The bank said: “As previously stated, Metro Bank continues to consider how best to optimise its capital resources to allow it to take advantage of the deposit and asset origination platform that has been built.”

Read more here.

Ofcom refers UK cloud market to CMA for investigation

Thursday 5 October 2023 08:42 , Simon Hunt

Media watchdog Ofcom has referred its study into the cloud market to the competition regulator after it uncovered features that could limit competition.

Ofcom said it was concerned about high egress fees charged by cloud providers as well as interoperability barriers that have been artificially raised to make it difficult to switch providers. As much as 80% of the cloud market is dominated by two providers, Amazon and Microsoft, Ofcom said.

Fergal Farragher, Ofcom's Director responsible for the market study, said: “The cloud is the foundation of our digital economy and has transformed the way companies run and grow their businesses.

“Some UK businesses have told us they’re concerned about it being too difficult to switch or mix and match cloud provider, and it’s not clear that competition is working well.”

Imperial Brands ups investor payout by £1.1 billion a day after Sunak smoking ban announcement

Thursday 5 October 2023 07:58 , Michael Hunter

Imperial Brands, announced plans to pay £1.1 billion more to investors just hours after Rishi Sunak pledged to ban smoking by raising the age limit on cigarettes by one year every year.

The policy means children aged 14 or under at the moment will never legally be able to buy tobacco.

The maker of Lambert & Butler and Winston cigarettes did not make any reference to the ban in its trading update this morning,

But it announced a £1.1 billion capital return via a share buyback in 2024, up 10% from 2023. It said trading was in line with expectations, helped by “strong tobacco pricing,”

Unite Students boss to exit

Thursday 5 October 2023 07:44 , Daniel O'Boyle

Unite Students boss Richard Smith has become the latest FTSE 100 boss to exit, after seven years in charge.

Smith will leave on 31 December, “to pursue his personal interest in supporting the education and development of young people, including understanding issues that affect mental health”.

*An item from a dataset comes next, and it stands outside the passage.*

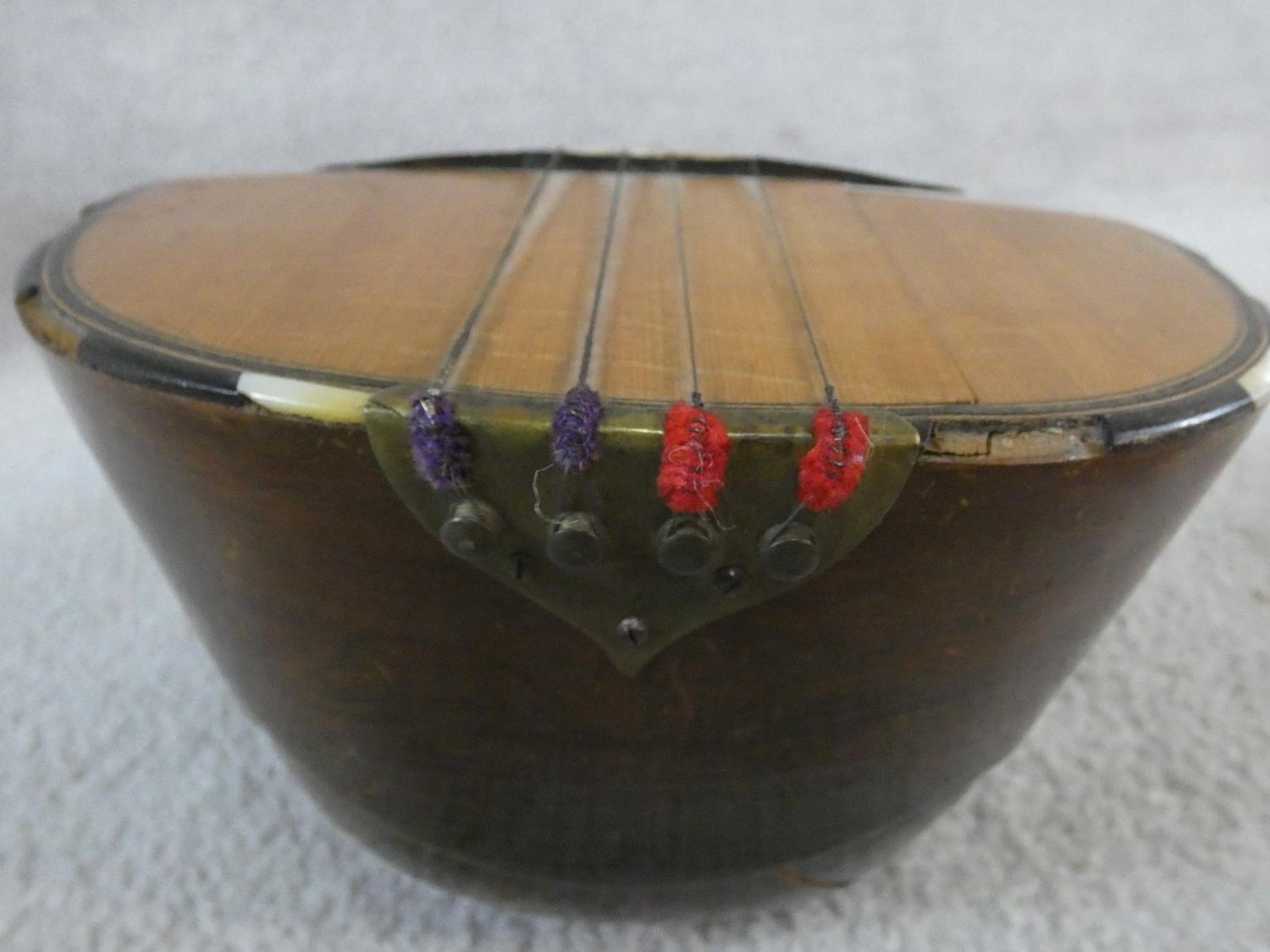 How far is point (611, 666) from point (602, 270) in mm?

He leaves the student landlord in strong shape, with its properties all but full for 2023-24. Unite has repeatedly said the exit of many HMO landlords from the sector means there is limited supply of student housing, which has led to its properties filling up more quickly than usual.

Today, Unite said it expects to see rental income grow by at least 5% next year, following the strong demand this year.

Joe Lister, currently Unite’s chief financial officer, will take over as CEO. Investment director Michael Burt will become CFO.

Richard Huntingford, Chair of Unite, said: "On behalf of the Board, I would like to extend our sincere thanks to Richard and acknowledge his significant achievements over the last eight years as CEO. He has been a driving force behind our successful strategy of aligning to the best universities where demand is highest and building Unite into a purpose-led, responsible business.

“As a result, we have seen significant and stable growth and are today an established provider of choice for the UK higher education sector with over 60 valuable university partnerships.”

FTSE 100 seen higher, Brent Crude at $86 a barrel

Thursday 5 October 2023 07:19 , Graeme Evans

A recovery for US markets should mean the FTSE 100 index finds positive territory this morning after the blue-chip benchmark’s fall of 0.8% yesterday.

Wall Street’s stronger session came after weaker-than-expected private sector employment figures eased concerns about the potential for higher US interest rates.

The Nasdaq Composite closed 1.3% higher and the S&P 500 index rose by 0.8% as traders responded to a stabilisation of the 10-year bond yield after this week’s surge to a post-2007 high.

The US turnaround means a potential end to this week’s poor run for the FTSE 100 index, which CMC Markets expects will open 32 points at 7444.

London’s top flight underperformed European markets yesterday after a fall in commodity prices weighed on the benchmark’s large number of energy and mining stocks.

Brent Crude today traded at $86.42, having fallen by 5% yesterday when figures showing weak US demand contributed to oil’s worst session of the year.